CINQUE: Per Domme non è sempre domenica


Lo slittamento della discesa da domenica a lunedì non ha portato bene al nostro leader dello sci alpino. Dominik Paris, dominatore della discesa anche in questa stagione, a quasi 33 anni non avrà forse altre possibilità olimpica e il sesto posto di oggi a Pechino brucia terribilmente. Uno come lui non può ritirarsi senza la medaglia olimpica e, se andrà male anche il superG, speriamo che vorrà riprovarci a 36 anni a Milano-Cortina. Il suo sesto posto è frutto di una gara non perfetta, come lui stesso ha ammesso, con un errore evidente nella parte centrale. Le discese sono sempre un terno al lotto, soprattutto su queste nevi, ma per esempio lo svizzero Beat Feuz non ha fallito l’appuntamento con l’oro dopo aver vinto quattro coppe del Mondo negli ultimi quattro anni e ha vinto praticamente tutto in carriera.

QUATTRO: Voto un po’.. Bassino


Un gioco di parole che non cancella la nostra stima per Marta Bassino che è la vera specialista del gigante ma è uscita dopo appena tre porte sul ripido iniziale. Poi la piemontese se n’è andata a piangere a bordo pista, inquadrata in modo spietato dalle telecamere. Ci ha fatto tanta tenerezza perché lei non è polivalente come le compagne e si è giocata la carta migliore in Cina: tornerà dalle sue amate galline e risorgerà. Una ragazza equilibrata come lei non si farà abbattere da questa cocente delusione.
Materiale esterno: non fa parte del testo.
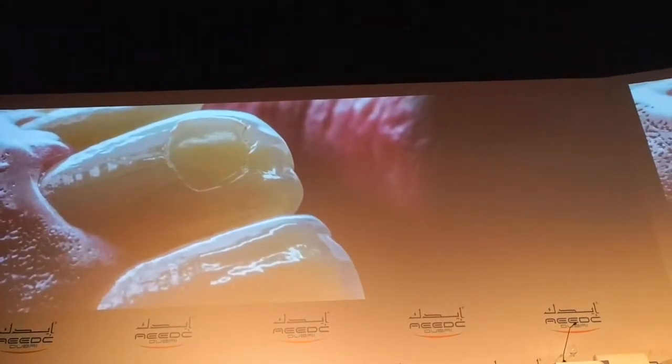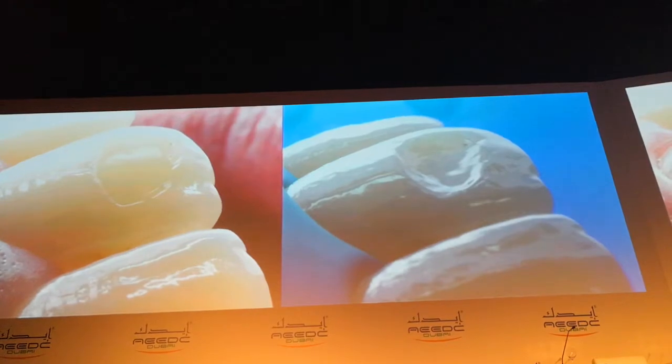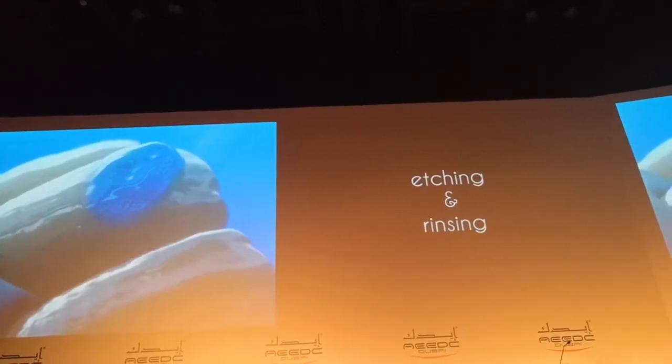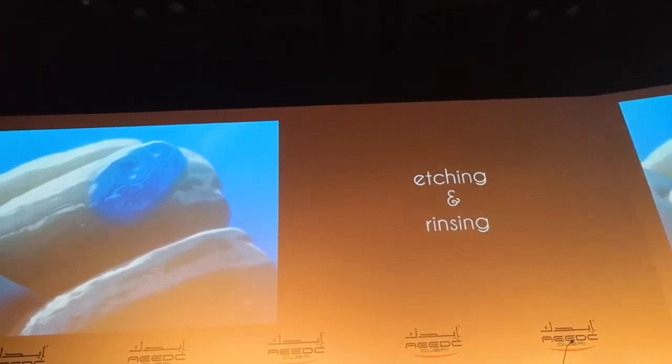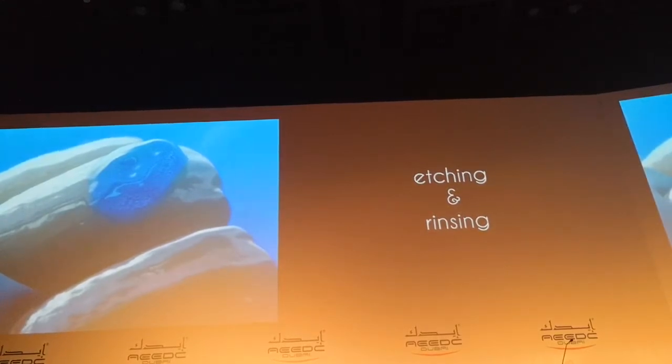In this case I just removed all composite carefully. And then after removal of this composite it needs to be etched. Maybe this etching — it was from 2015 or 2014. Maybe I need to etch a little bit more because not to have the discoloration. I should admit that. And then after etching it needs to be rinsed.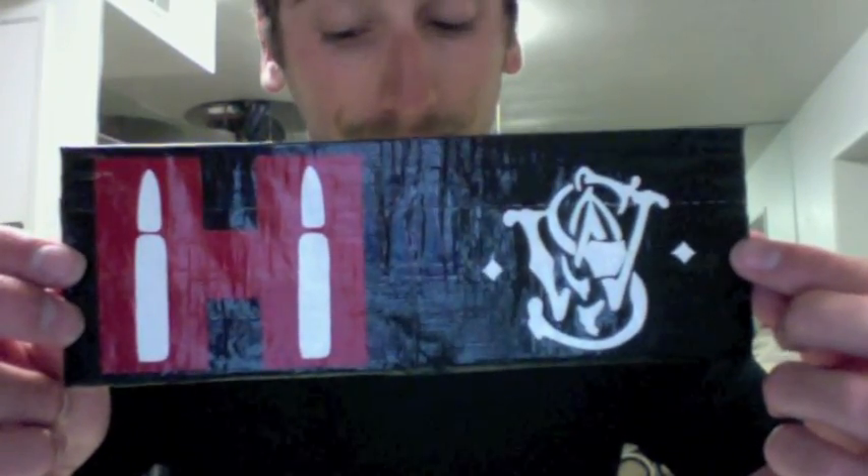If anybody else has a custom order, just let me know. You can send me a message or email me at freakywallet@gmail.com, or comment below. I'm going to make a whole bunch of wallets tonight and hopefully make a video of the ones I do make, so thanks.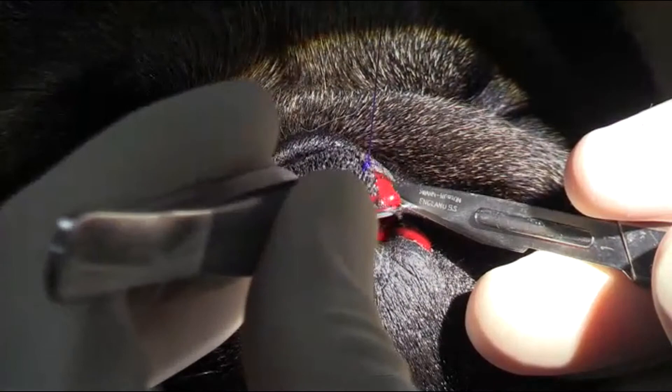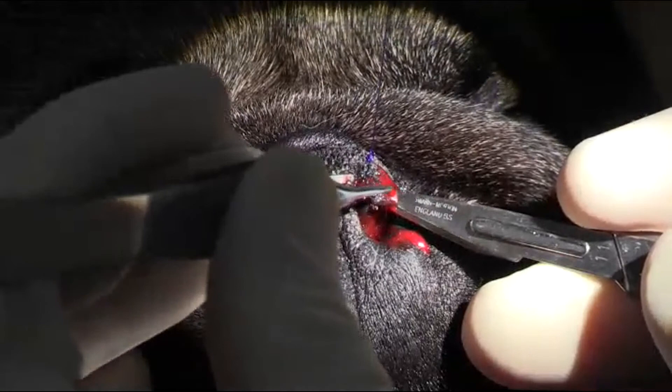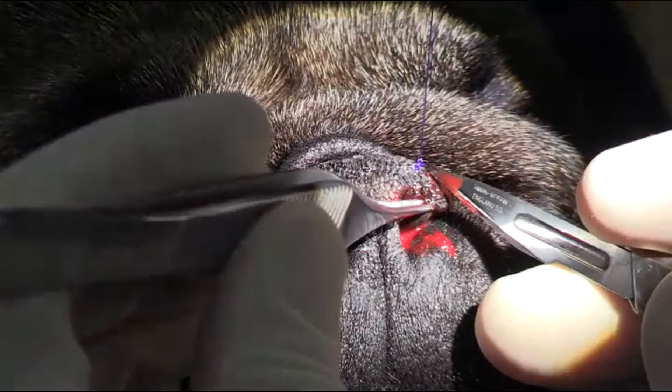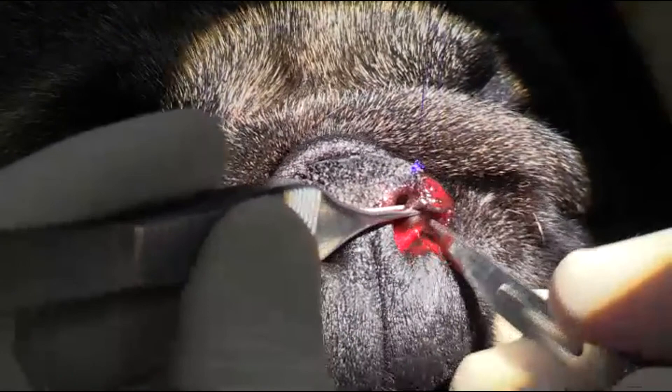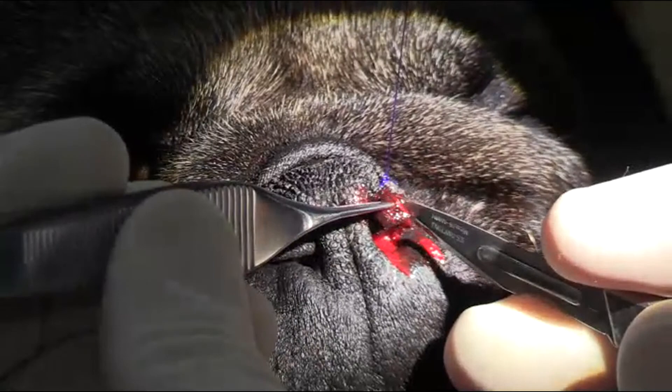I'm going in quite far deep into the nasal opening. When you do this properly the piece that you take out should look like a little diamond.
TRE: Christof ma cosa fai?


Christof Innerhofer a 37 anni difficilmente poteva arricchire il medagliere olimpico che conta già un argento e un bronzo ma uscire così dopo due porte lascia davvero l’amaro in bocca. L’altoatesino si era guadagnato in extremis la selezione olimpica e forse ha sparato lì le sue ultime cartucce.. Dicono che sia rientrato subito in albergo senza parlare con nessuno. Possiamo capirlo!

DUE: Le biathlete deluse


Due come il numero delle nostre biathlete deluse, non certo un due in condotta. Nella staffetta mista se l’erano cavata, nella 15 km individuale sono state irriconoscibili: Dorothea Wierer (18ma con tre errori al poligono) e Lisa Vittozzi (74ma con otto errori) non sembrano al livello delle scorse stagioni né nel tiro né sugli sci. E’ presto per lanciare l’allarme ma qualcosa non va. A Dorothea per togliere la vittoria alla tedesca Denise Herrmann (che è stata podio olimpico in staffetta anche nello sci di fondo!) sarebbe servito un 20/20 al tiro, segno che sul fondo, come si era notato già in staffetta, bisogna rivedere forse le scioline. Speriamo almeno nella staffetta femminile per il podio.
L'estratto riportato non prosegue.